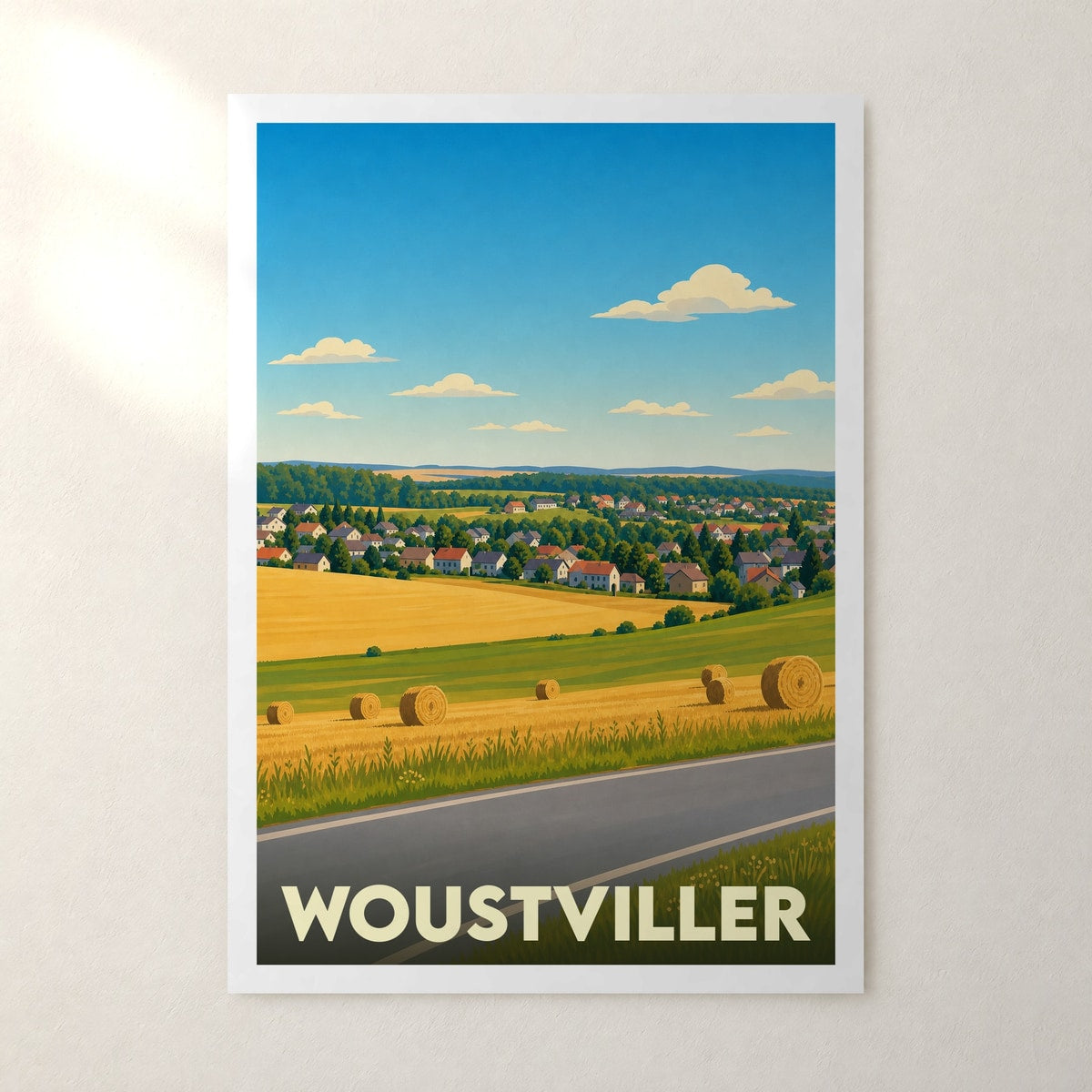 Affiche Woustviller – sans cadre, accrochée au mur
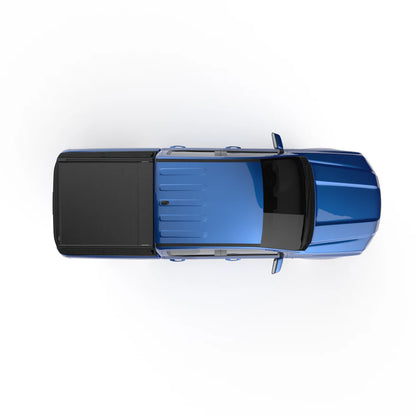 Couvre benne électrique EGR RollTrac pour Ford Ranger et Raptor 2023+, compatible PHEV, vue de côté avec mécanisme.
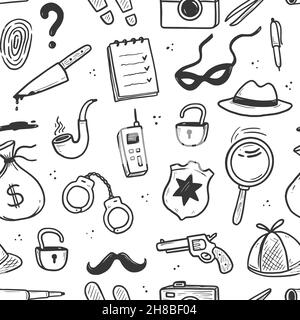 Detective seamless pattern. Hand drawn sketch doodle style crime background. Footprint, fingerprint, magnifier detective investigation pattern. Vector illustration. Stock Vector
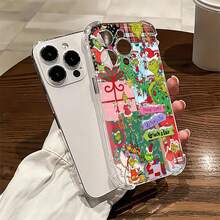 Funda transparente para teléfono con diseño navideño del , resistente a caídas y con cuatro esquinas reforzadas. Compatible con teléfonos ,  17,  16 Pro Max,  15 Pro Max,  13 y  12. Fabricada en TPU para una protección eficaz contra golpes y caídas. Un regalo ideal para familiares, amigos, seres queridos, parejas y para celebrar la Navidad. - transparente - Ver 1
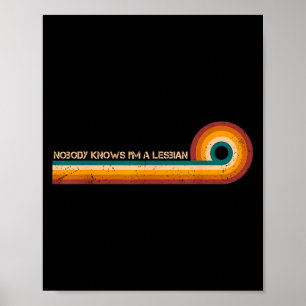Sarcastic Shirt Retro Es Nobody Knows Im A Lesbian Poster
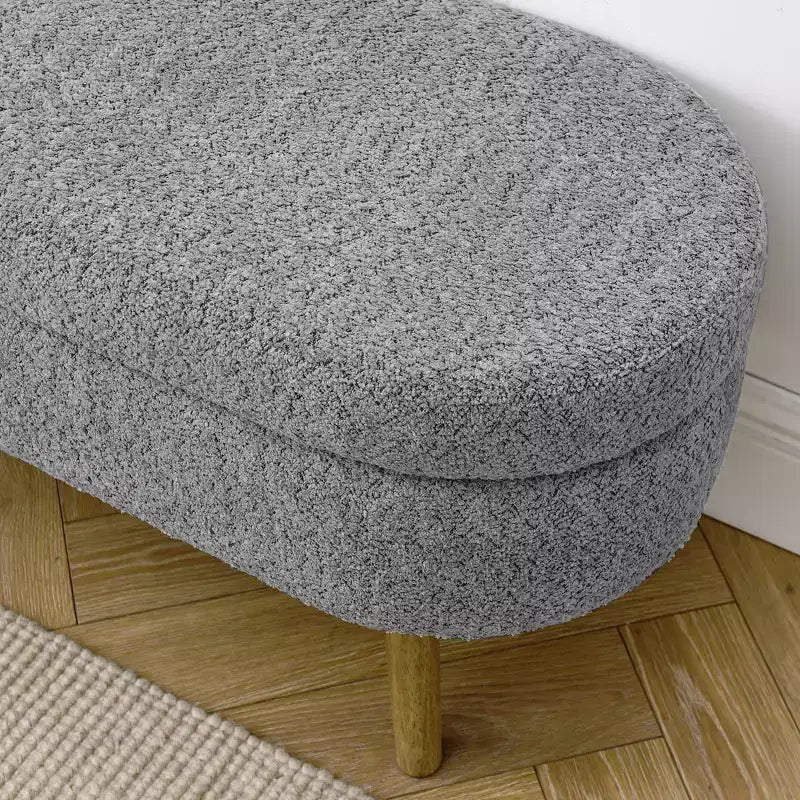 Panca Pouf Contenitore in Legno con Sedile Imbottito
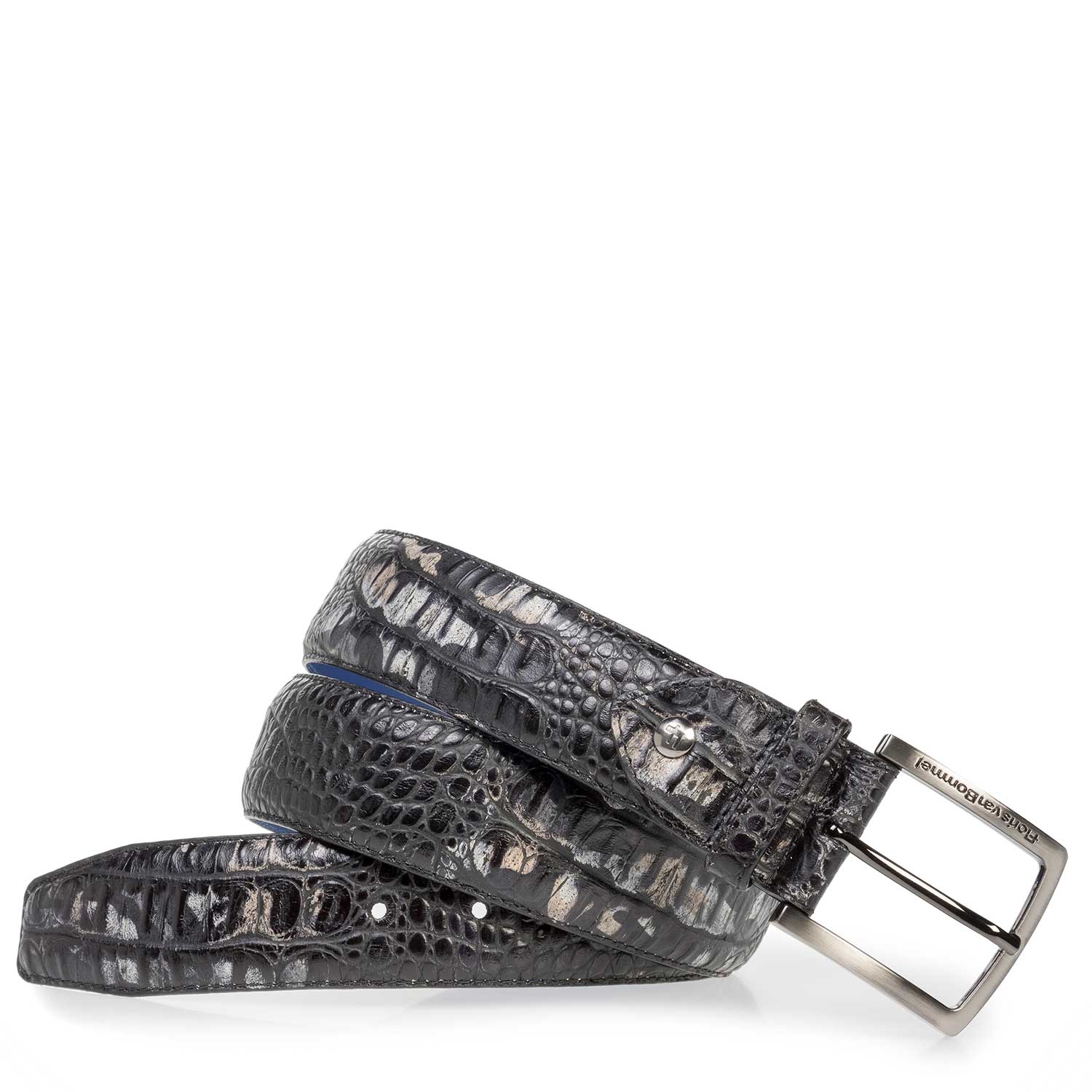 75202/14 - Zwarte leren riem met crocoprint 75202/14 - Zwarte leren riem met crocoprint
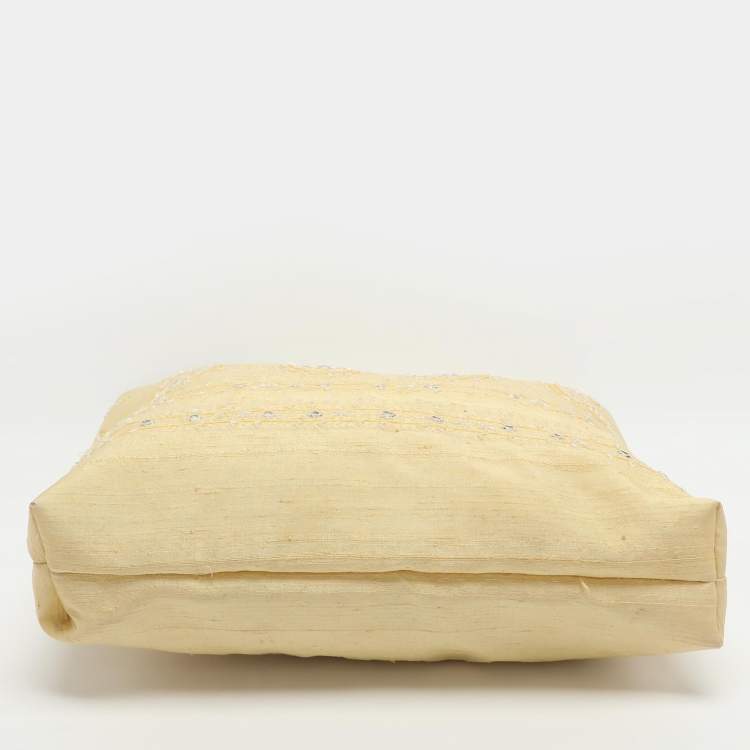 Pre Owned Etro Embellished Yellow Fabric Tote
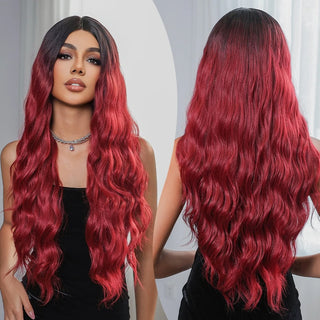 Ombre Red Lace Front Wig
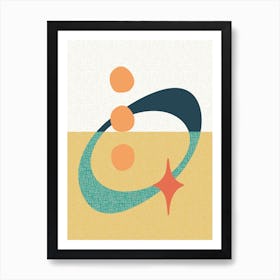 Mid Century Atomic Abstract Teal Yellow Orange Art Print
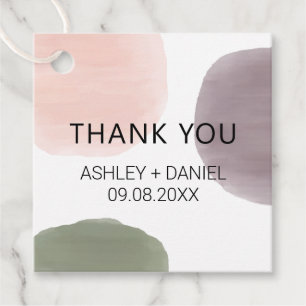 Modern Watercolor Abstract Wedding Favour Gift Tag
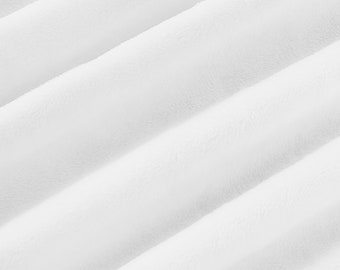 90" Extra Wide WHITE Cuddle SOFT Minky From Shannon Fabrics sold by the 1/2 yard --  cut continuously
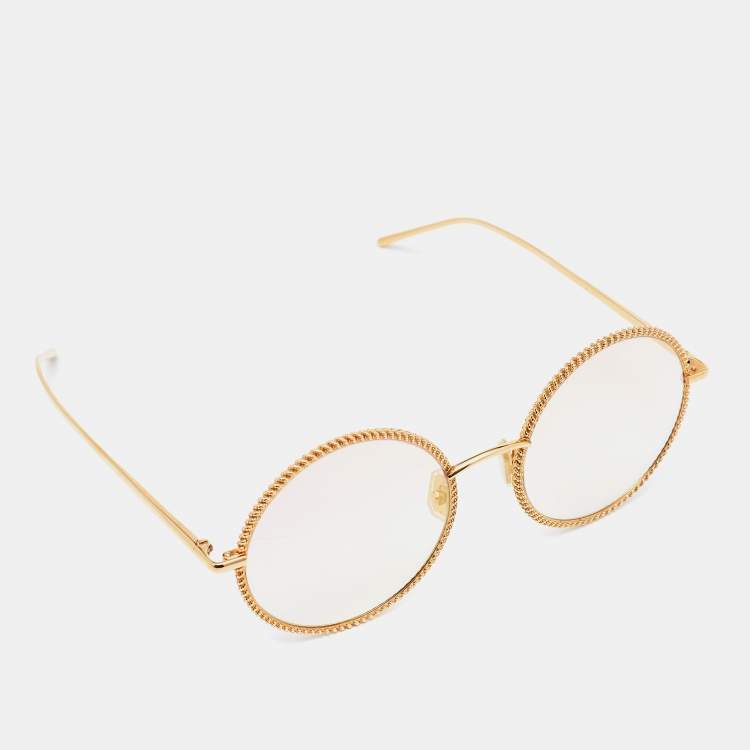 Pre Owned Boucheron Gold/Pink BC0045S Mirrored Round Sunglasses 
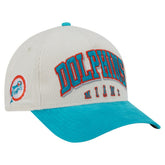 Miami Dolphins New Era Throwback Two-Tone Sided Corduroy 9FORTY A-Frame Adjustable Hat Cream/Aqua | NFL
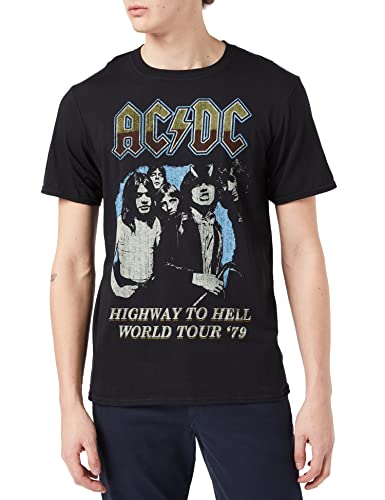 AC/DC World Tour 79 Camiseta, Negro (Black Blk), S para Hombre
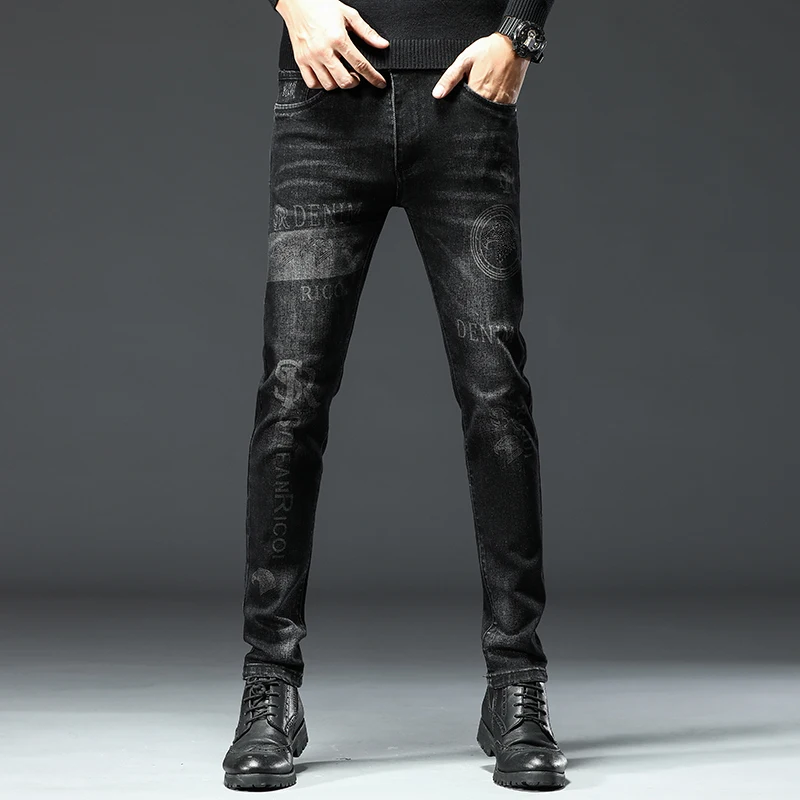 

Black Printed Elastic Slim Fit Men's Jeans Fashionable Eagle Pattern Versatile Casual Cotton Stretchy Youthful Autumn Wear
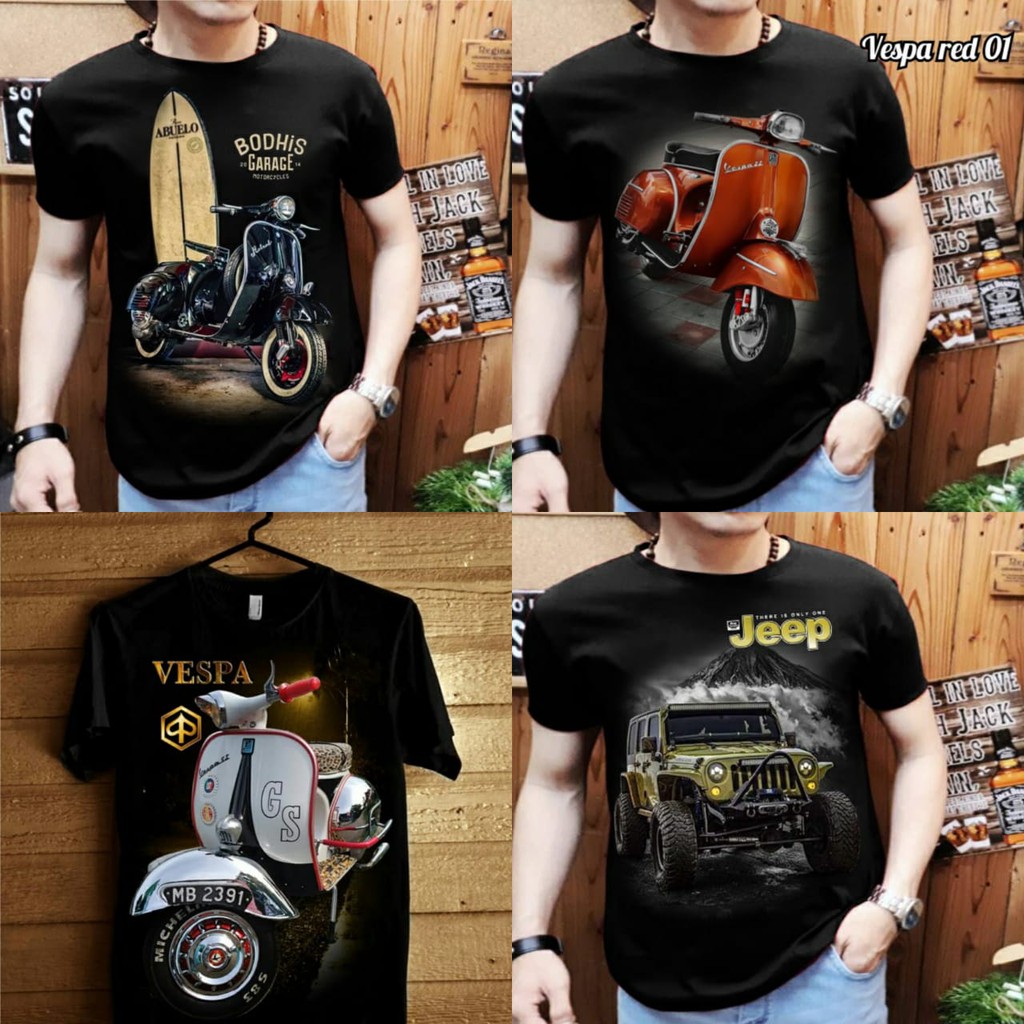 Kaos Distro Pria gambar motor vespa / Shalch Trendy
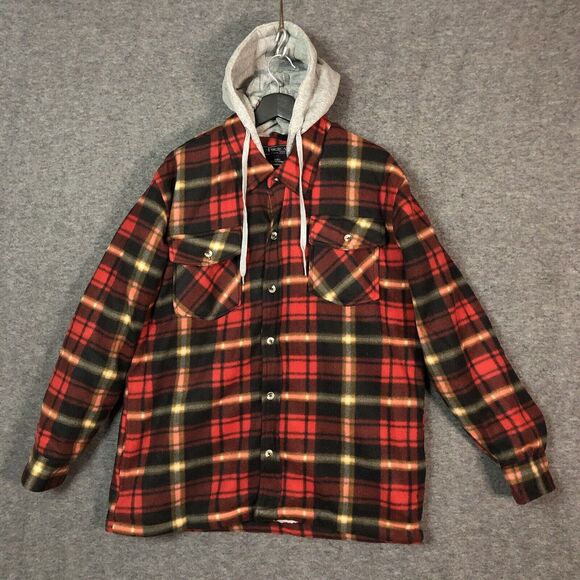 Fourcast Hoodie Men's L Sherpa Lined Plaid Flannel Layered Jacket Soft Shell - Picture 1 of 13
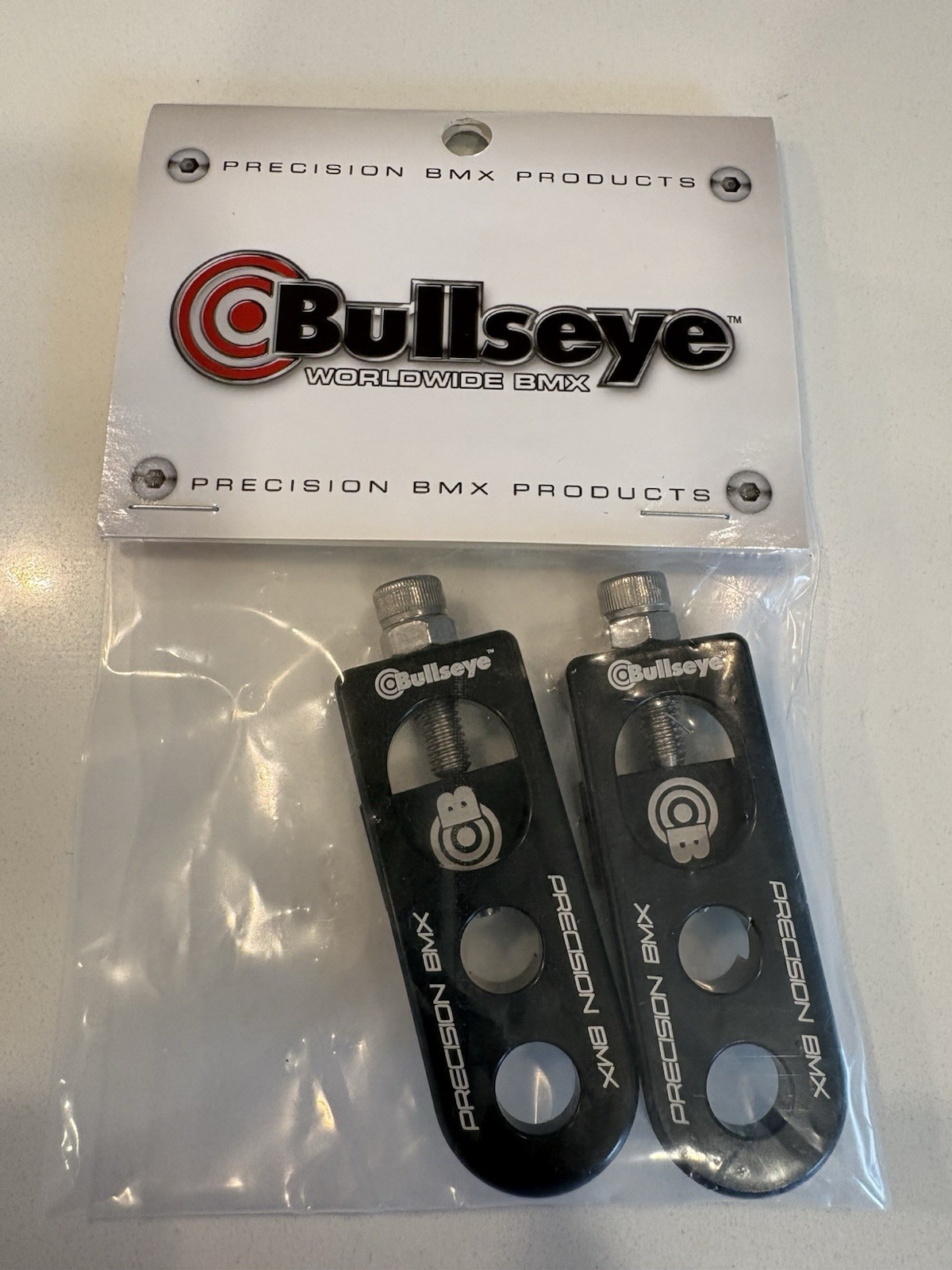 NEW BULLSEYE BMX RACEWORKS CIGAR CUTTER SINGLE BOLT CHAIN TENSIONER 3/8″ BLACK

________________________

Pictures stay out; everything else in the listing above gets repeated exactly.

▶ Result for this exercise
 Affiche Woustviller – sans cadre, accrochée au mur
 Couvre benne électrique EGR RollTrac pour Ford Ranger et Raptor 2023+, compatible PHEV, vue de côté avec mécanisme.
 Detective seamless pattern. Hand drawn sketch doodle style crime background. Footprint, fingerprint, magnifier detective investigation pattern. Vector illustration. Stock Vector
 Funda transparente para teléfono con diseño navideño del , resistente a caídas y con cuatro esquinas reforzadas. Compatible con teléfonos ,  17,  16 Pro Max,  15 Pro Max,  13 y  12. Fabricada en TPU para una protección eficaz contra golpes y caídas. Un regalo ideal para familiares, amigos, seres queridos, parejas y para celebrar la Navidad. - transparente - Ver 1
Sarcastic Shirt Retro Es Nobody Knows Im A Lesbian Poster
 Panca Pouf Contenitore in Legno con Sedile Imbottito
 75202/14 - Zwarte leren riem met crocoprint 75202/14 - Zwarte leren riem met crocoprint
 Pre Owned Etro Embellished Yellow Fabric Tote
 Ombre Red Lace Front Wig
 Mid Century Atomic Abstract Teal Yellow Orange Art Print
 Modern Watercolor Abstract Wedding Favour Gift Tag
 90" Extra Wide WHITE Cuddle SOFT Minky From Shannon Fabrics sold by the 1/2 yard --  cut continuously
 Pre Owned Boucheron Gold/Pink BC0045S Mirrored Round Sunglasses 
 Miami Dolphins New Era Throwback Two-Tone Sided Corduroy 9FORTY A-Frame Adjustable Hat Cream/Aqua | NFL
 AC/DC World Tour 79 Camiseta, Negro (Black Blk), S para Hombre

Black Printed Elastic Slim Fit Men's Jeans Fashionable Eagle Pattern Versatile Casual Cotton Stretchy Youthful Autumn Wear
 Kaos Distro Pria gambar motor vespa / Shalch Trendy
 Fourcast Hoodie Men's L Sherpa Lined Plaid Flannel Layered Jacket Soft Shell - Picture 1 of 13
 NEW BULLSEYE BMX RACEWORKS CIGAR CUTTER SINGLE BOLT CHAIN TENSIONER 3/8″ BLACK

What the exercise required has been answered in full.